Tenía melancolía atada al lenguaje, como si la lengua rusa hubiera sido fruto de la tragedia. Como si creyera en su dolor. Pienso por ejemplo en este poema escrito en 1961 cuando aún vivía en su tierra: “El hombre va a las ruinas una y otra vez/ él estuvo aquí ayer y anteayer/ y regresará mañana/ las ruinas lo atraen./ Él habla: Poco a poco/ poco a poco aprenderás tantas cosas, muchas/ aprenderás a elegir en el montón de escombros/ un reloj despertador y los lomos quemados de los álbumes,/ te acostumbrarás a llegar por estos lados cada día/  te acostumbrarás a saber que las ruinas existen,/ convivirás con este pensamiento/”. Pero también este escrito en 1984: “Ahora que sé tanto de mi vida,/ de las ciudades, de las prisiones/ y de las habitaciones/ donde perdía la razón, sin volverme loco./ acerca de los mares en los que me ahogaba/ y sobre aquellos/ a quienes al final no retuve entre mis brazos/”.

Ahora Brodsky mira hacia afuera, abajo la gente pasa, plástico por todos lados.
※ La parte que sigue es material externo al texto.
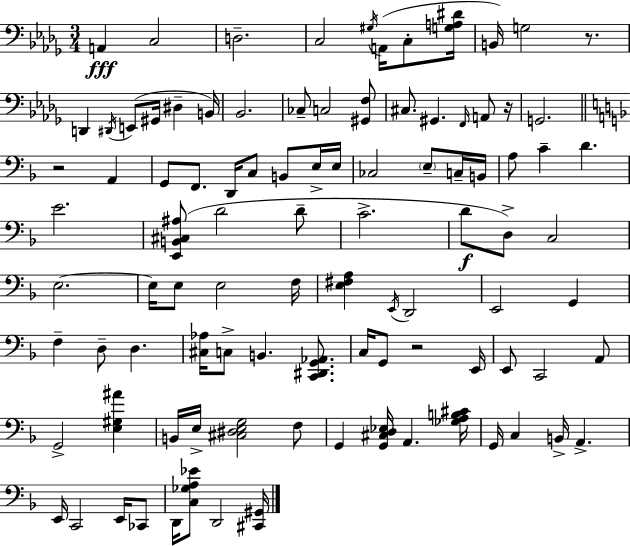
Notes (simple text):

A2/q C3/h D3/h. C3/h G#3/s A2/s C3/e [G3,A3,D#4]/s B2/s G3/h R/e. D2/q D#2/s E2/e G#2/s D#3/q B2/s Bb2/h. CES3/e C3/h [G#2,F3]/e C#3/e. G#2/q. F2/s A2/e R/s G2/h. R/h A2/q G2/e F2/e. D2/s C3/e B2/e E3/s E3/s CES3/h E3/e C3/s B2/s A3/e C4/q D4/q. E4/h. [E2,B2,C#3,A#3]/e D4/h D4/e C4/h. D4/e D3/e C3/h E3/h. E3/s E3/e E3/h F3/s [E3,F#3,A3]/q E2/s D2/h E2/h G2/q F3/q D3/e D3/q. [C#3,Ab3]/s C3/e B2/q. [C2,D#2,G2,Ab2]/e. C3/s G2/e R/h E2/s E2/e C2/h A2/e G2/h [E3,G#3,A#4]/q B2/s E3/s [C#3,D#3,E3,G3]/h F3/e G2/q [G2,C#3,D3,Eb3]/s A2/q. [Gb3,A3,B3,C#4]/s G2/s C3/q B2/s A2/q. E2/s C2/h E2/s CES2/e D2/s [C3,Gb3,A3,Eb4]/e D2/h [C#2,G#2]/s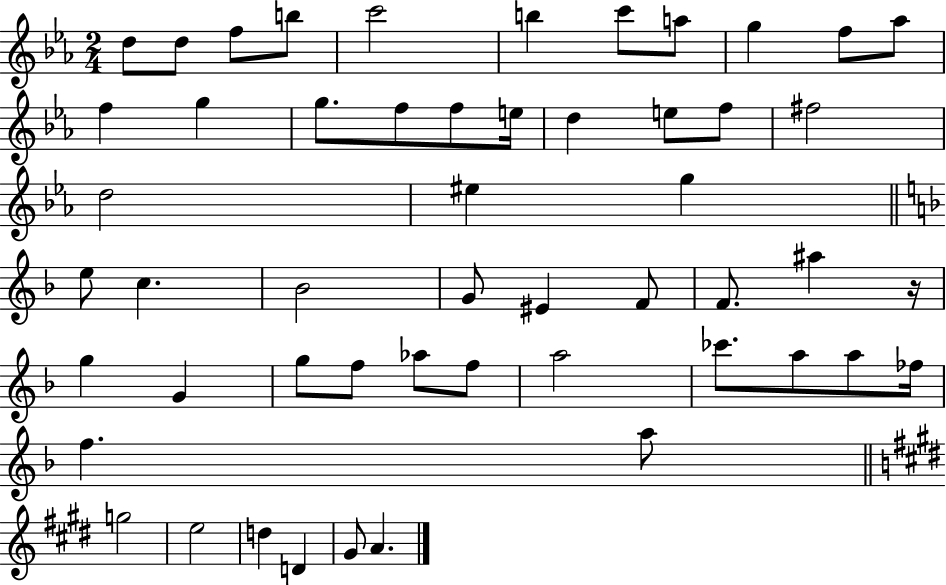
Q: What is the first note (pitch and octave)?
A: D5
Edificios. Anuncios, carteles gigantes. Ya no hay nieve como montañas, ni prados altos. Piensa en sus amigos que ya no están. Auden se fue, Stephen se fue, Ajmátova se fue. Tiene en sus manos palabras tristes, se les cae, las alza, otra vez. Está acostumbrado. No tiene miedo a la desesperación. Ya aprendió esa lengua.